Overall, modern reforms in Xiangxi reflect a transition from traditional rural development toward a more balanced, sustainable, and culturally distinctive modernization path. The prefecture continues to evolve through improved living standards, diversified industries, and a strategic focus on both innovation and heritage preservation.

===Crop production===
Xiangxi's agricultural sector has developed a diverse and well-structured production system. Traditional grain crops such as rice, wheat, corn, and soybeans remain the foundation of regional agriculture, supporting both local consumption and commercial output. In addition to food crops, Xiangxi produces a wide range of industrial and cash crops. Wood, tobacco leaves, and various types of fiber crops contribute to the region's processing industries, supplying raw materials for the production of cigarettes, yarn, and cloth. Modern agricultural inputs such as chemical fertilizers and the region's expanding electricity supply further enhance productivity, while cement and timber support rural infrastructure and construction needs.

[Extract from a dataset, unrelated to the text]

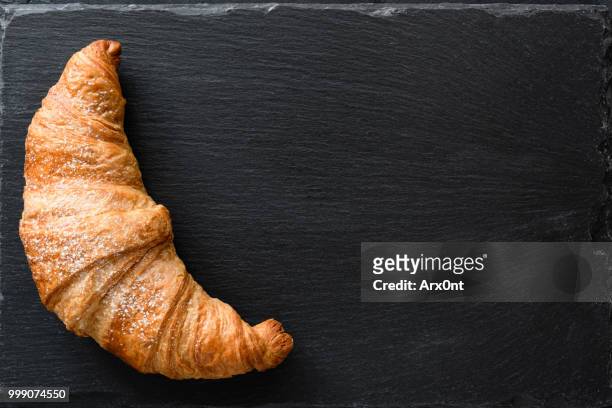 fresh croissant on black slate background - close up bread roll black backdrop horizontal stock pictures, royalty-free photos & images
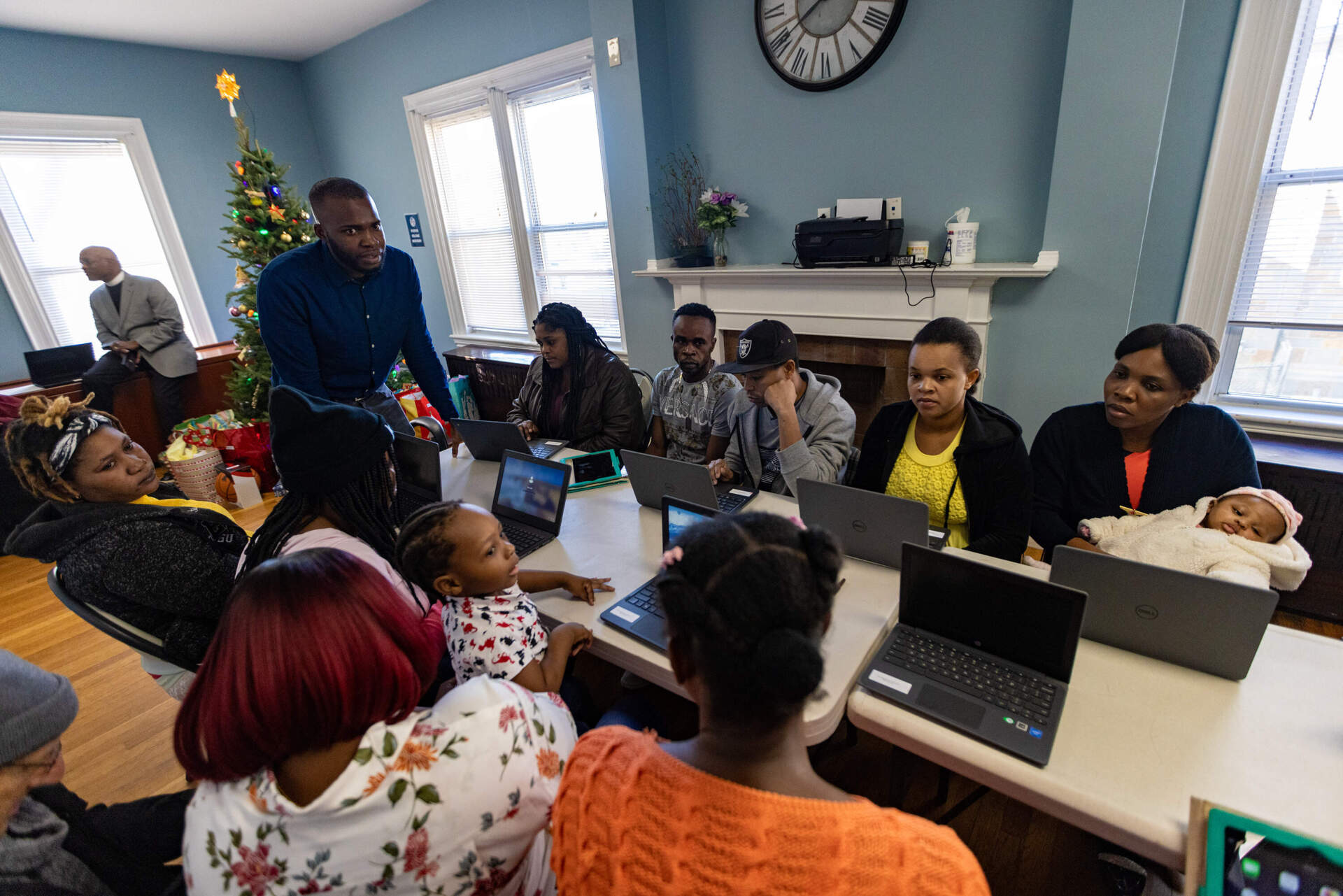 Huguens Altidor leads a computer skills class with a group migrants recently taken in by the Bethel AME Church in Jamaica Plain. (Jesse Costa/WBUR)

In recent years, Xiangxi has also promoted characteristic agriculture—including high-quality rice, tea, Chinese medicinal herbs, edible fungi, and ecological livestock breeding—aiming to upgrade traditional farming into more market-oriented, high-value industries. These agricultural reforms not only diversify rural economic activities but also strengthen the prefecture's integration of agriculture with processing, logistics, and tourism, forming a more efficient and sustainable agricultural economy.

== Administration ==

Map
Jishou (city) Luxi County Fenghuang County Huayuan County Baojing County Guzhang County Yongshun County Longshan County
| English | Chinese | Pinyin | Miao | Tujia | Area | Subdivisions |  |  |  |  |
| Subdistricts | Towns | Townships | Districts | Villages |
| Xiangxi Tujia Miao Autonomous Zone | 湘西土家族 苗族自治州 | Xiāngxī Tǔjiāzú Miáozú Zìzhìzhōu | Xangdxid tutjadcul maolcul zibzhibzhoud | Xianxxix bifzivkar befkar zifzifzoux | 15462.30 | 7 | 69 | 89 | 183 | 1967 |
| Jishou City | 吉首市 | Jíshǒu Shì | Jib Soud | Jirsouv sif | 1062.46 | 4 | 5 | 7 | 38 | 138 |
| Luxi County | 泸溪县 | Lúxī Xiàn | Lioux Kid | Lurqir xianf | 1568.65 |  | 8 | 7 | 16 | 134 |
| Fenghuang County | 凤凰县 | Fènghuáng Xiàn | Jib Zhes | Fongrhuanr xianf | 1751.10 |  | 9 | 15 | 15 | 344 |
| Huayuan County | 花垣县 | Huāyuán Xiàn | Jib Yox | Huaxyanr xianf | 1111.12 |  | 8 | 10 | 19 | 288 |
| Baojing County | 保靖县 | Bǎojìng Xiàn | Jib Yal | Baovjinf xianf | 1745.88 |  | 10 | 6 | 16 | 198 |
| Guzhang County | 古丈县 | Gǔzhàng Xiàn | Bloud Nhol | Guvzanf xianf | 1286.23 |  | 6 | 6 | 18 | 140 |
| Yongshun County | 永顺县 | Yǒngshùn Xiàn | Mongl Dongs | Yinvsunf xianf | 3809.69 |  | 12 | 18 | 33 | 291 |
| Longshan County | 龙山县 | Lóngshān Xiàn | Gheul Rongx | Longrsanx xianf | 3127.16 | 3 | 11 | 20 | 28 | 434 |

==Government==

The current Communist Party Secretary of Xiangxi Tujia and Miao Autonomous Prefecture is Liu Tao, while the incumbent acting Prefectural Mayor is Shang Shenglong.